La défense avait tenté de démontrer que l’emploi de la violence n’était pas la priorité des deux braqueurs. La réplique du parquet : «Avec un gilet d’explosifs et deux pistolets, on n’a pas besoin d’être frappé pour obéir aux ordres des ravisseurs.»

À sa première victime, le duo avait réussi à extorquer 140 000 euros. Mais les deux ravisseurs ne s’étaient pas arrêtés là. Ils avaient obligé l’homme à réunir pour le lendemain des bijoutiers dans une fiduciaire située rue de Mühlenbach pour une vraie fausse vente. Les victimes avaient fini ligotées et bâillonnées dans la cave tandis que les braqueurs avaient pris la fuite avec un otage, une bonne quinzaine de montres de luxe et des bijoux. Leur valeur avait été estimée à 1,2 million sur le marché noir.

«Un showman qui a eu son heure de gloire»

C’est là qu’interviennent les deux autres hommes aujourd’hui sur le banc des prévenus : Daniel V. (33 ans) et Mohamed F. (38 ans). Ils n’avaient pas mis les pieds au Grand-Duché, mais c’est depuis l’Espagne qu’ils auraient joué un rôle dans cette organisation criminelle aux ramifications internationales. «On ne fait pas un tel coup si on n’a pas de circuit derrière pour écouler les bijoux», appuie la parquetière, qui est convaincue qu’ils ne pouvaient ignorer l’origine illicite des bijoux qu’ils avaient vus une première fois étalés dans une chambre d’hôtel à Paris.

Bijoutier à Marbella, Daniel V. avait écoulé le butin sur le marché noir. Mohamed F., pour sa part, aurait été plus qu’un simple chauffeur. «Il était le sous-lieutenant censé surveiller les affaires de Redda B.» Autant dire qu’il avait largement profité de l’argent de Redda B.

Avant d’en venir aux peines, le substitut principal n’aura pas manqué de revenir sur le personnage de Redda B. qui a passé la plus grande partie de sa vie en prison. «C’est un bon narrateur, un showman qui a eu son heure de gloire à la barre. Il a le don de mettre ses interlocuteurs en confiance, un peu comme un gourou. Mais votre chambre criminelle ne se fait pas aussi facilement embobiner!»

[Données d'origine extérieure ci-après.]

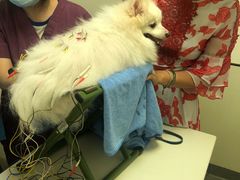 -爱诺耐芙动物医院(万博店)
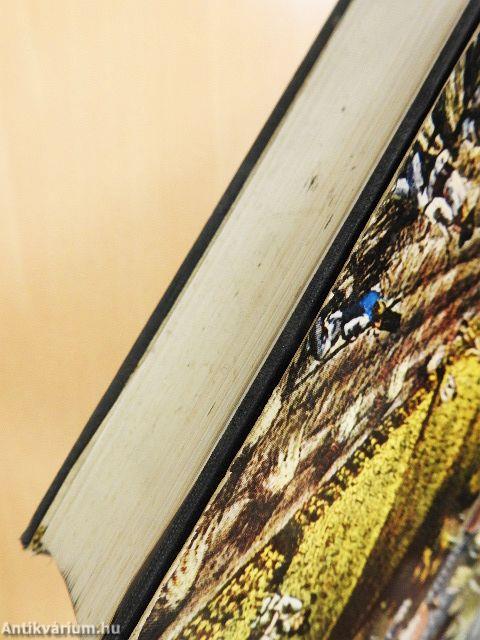 Budapest története III.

Son aveu à la barre ne vaut pas circonstance atténuante, estime le parquet. Traces ADN, bandes vidéo aux distributeurs d’argent et reconnaissance par les victimes avaient permis de confondre les braqueurs. «Rien ne sert de nier l’évidence.» Au vu de la gravité des faits et du traumatisme subi par les victimes, le parquet a finalement requis 24 ans de réclusion contre le quadragénaire. Le seul élément que la chambre criminelle pourrait prendre en considération au moment de la détermination de la peine, c’est les sept ans écoulés entre les faits et le procès.

Prononcé le 8 janvier

Même refrain pour Ali A., contre qui la parquetière réclamera au final 20 ans de réclusion. «Son casier judiciaire français est déjà assez bien fourni.» Elle n’épargnera pas non plus les deux prévenus Daniel V. et Mohamed F., poursuivis pour le recel. La peine demandée contre le duo sans antécédents spécifiques est de 12 ans de réclusion. «Même s’ils n’ont pas exercé de violence à l’égard des victimes, leur rôle est tout aussi important dans cette organisation criminelle.» À la différence de Redda B. et Ali A., ils ne sont plus en prison. Ils ont été libérés sous caution fin 2014.

La 13e chambre criminelle rendra son jugement le 8 janvier.